Il y a l’accueil, déjà, de centaines de milliers de réfugiés (essentiellement des femmes, des enfants et des personnes âgées) aux frontières de la Pologne, de la Roumanie, de la Hongrie. (Des pays qu’on a déjà vus, en passant, moins généreux devant d’autres réfugiés — mais ce n’est pas le sujet.)
La pression économique s’organise, avec une ampleur et une coordination inattendues : embargo économique, arrêt d’une bonne partie des transactions bancaires, suspension des liaisons aériennes, d’un gazoduc Russie-Allemagne, etc.
L’objectif n’est pas seulement punitif : il est d’induire en Russie une crise économique qui pourrait ébranler le régime. Les importantes réserves de devises du gouvernement (des centaines de milliards de dollars), et l’éventuel soutien économique de la Chine (tièdement alliée), pourront sans doute permettre à Moscou d’atténuer le choc.
Mais si les agents financiers russes ne peuvent plus intervenir sur les marchés (ce qui se dessine), si le rouble s’effondre (ce qui a commencé) et si les prix s’envolent, alors le régime russe entrera, à l’interne, dans une possible zone des dangers.
Déjà, des manifestations antiguerre d’ampleur étonnante se sont déroulées à Moscou, à Saint-Pétersbourg, à Ekaterinbourg, à Novossibirsk, etc. Elles nous rappellent que la Russie, ce n’est pas seulement Vladimir Poutine.
Il semble s’être produit, ce week-end en Europe, une sorte de réveil, de prise de conscience, dans la société civile avec des manifestations importantes à Paris, Berlin, Milan, Barcelone, où s’exprimait nettement l’idée que « les Ukrainiens se battent pour leur liberté et la nôtre ».
Un mouvement semblable se dessine au niveau des gouvernements. Il faut noter le renversement spectaculaire en cours à Berlin, devant les menaces incroyables d’un Poutine qui recourt désormais de façon explicite au chantage nucléaire. Poutine qui, cette semaine, a confondu les sceptiques et montré au monde qu’on devait prendre ses menaces au sérieux.
Le chancelier Olaf Scholz vient d’annoncer une hausse très importante des budgets de défense à Berlin, faisant valoir en substance que le pacifisme (très fort en Allemagne) et la foi dans le « parapluie américain » pour faire le travail… ne sont plus de saison.
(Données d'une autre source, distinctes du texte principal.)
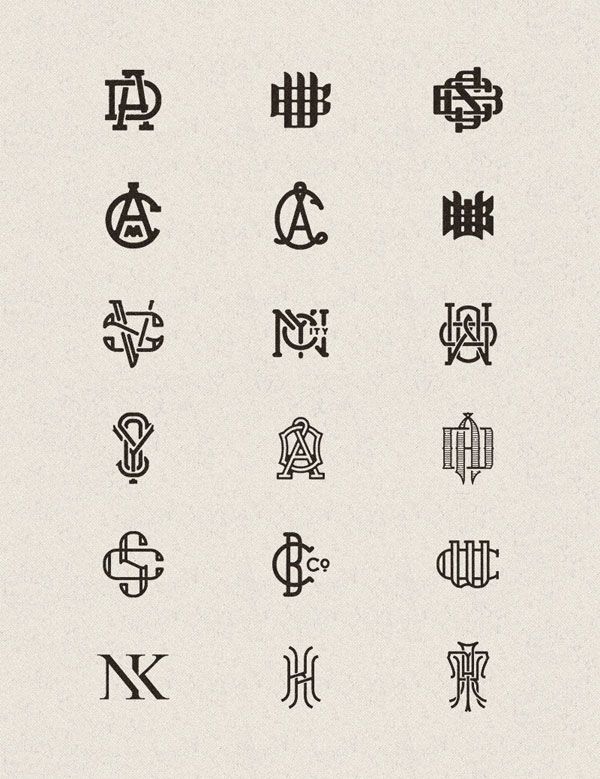 some type of alphabets that are in different styles and sizes, with the letters on each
Même l’Allemagne se joint maintenant au mouvement d’aide militaire aux combattants de l’Ukraine.
Aux Ukrainiens qui aujourd’hui résistent à une armée russe quatre fois supérieure en nombre (quelque 800 000 permanents au total, contre 200 000), peut-être dix fois supérieure en moyens, qui a décidé de les écrabouiller… peut-on en toute conscience répondre : « Désolé, je suis contre la guerre, je ne peux pas vous donner d’armes… » ? Ou encore : « Vous feriez mieux de vous rendre, pour éviter de faire davantage couler le sang. » Peut-on dire ça ?
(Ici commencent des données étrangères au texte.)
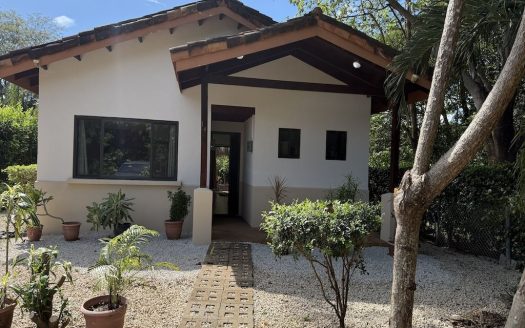 Loma Verde 14 ~ Beautiful 2-Bedroom Home in Gated Community Near Tamarindo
Il est des situations où le pacifisme aboutit à une impasse morale complète. Nazar, jeune enrôlé de 29 ans, a déclaré hier à Libération : « Je n’ai pas envie de tuer, même un soldat russe. Mais s’il le faut, je n’hésiterai pas. »
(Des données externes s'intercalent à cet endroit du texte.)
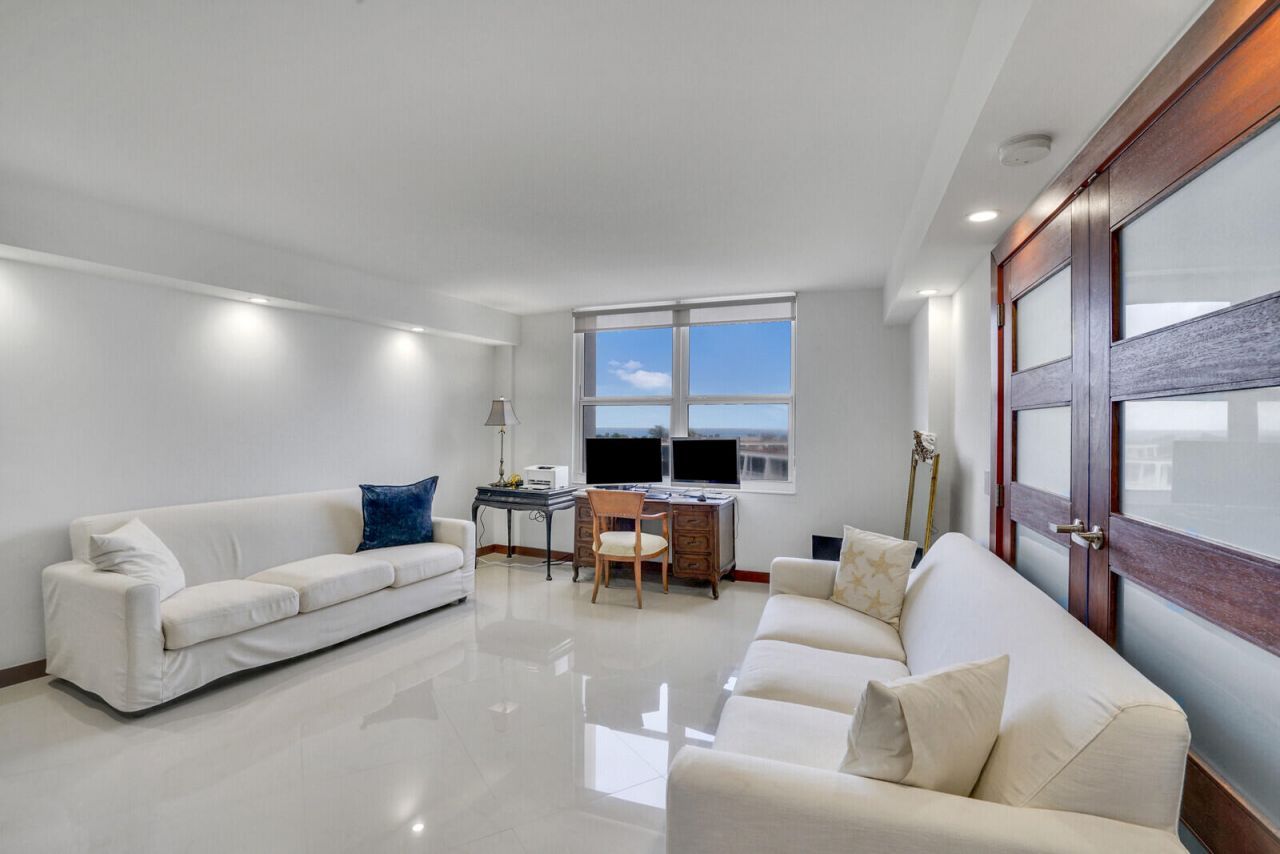 2295 S Ocean Boulevard, Unit 619, Palm Beach, FL 33480 Photo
Nul ne sait quelle sera l’issue de cette guerre. Les pourparlers annoncés hier à la frontière Biélorussie-Ukraine ont-ils une chance ? Poutine pourrait-il se dire que tout cela est trop mal engagé et qu’il vaut mieux arrêter les frais ?
Au contraire, la victoire militaire de Moscou, au vu de l’inégalité des forces en présence, est-elle inéluctable ? Quid, par la suite, de l’occupation et d’une guérilla qui s’organisera et rendra la vie impossible aux occupants ? Une partition est-ouest du pays est-elle concevable ? Ou l’extension de la guerre à d’autres États de l’Europe… y compris dans l’OTAN ? Paradoxalement, si Poutine obtenait une victoire rapide en Ukraine, alors son souffle chaud pourrait se tourner vers les petits pays baltes…
Poutine a voulu nier la nation ukrainienne et imposer l’unité à ses « petits frères de sang » (aussi appelés « petits Russes »). Aujourd’hui, par un paradoxe macabre, cette nation distincte existe plus que jamais. Elle défend devant le monde une certaine idée de la liberté et de l’indépendance nationale.
Et les « liens du sang » chers à Poutine, il les a détruits dans le sang.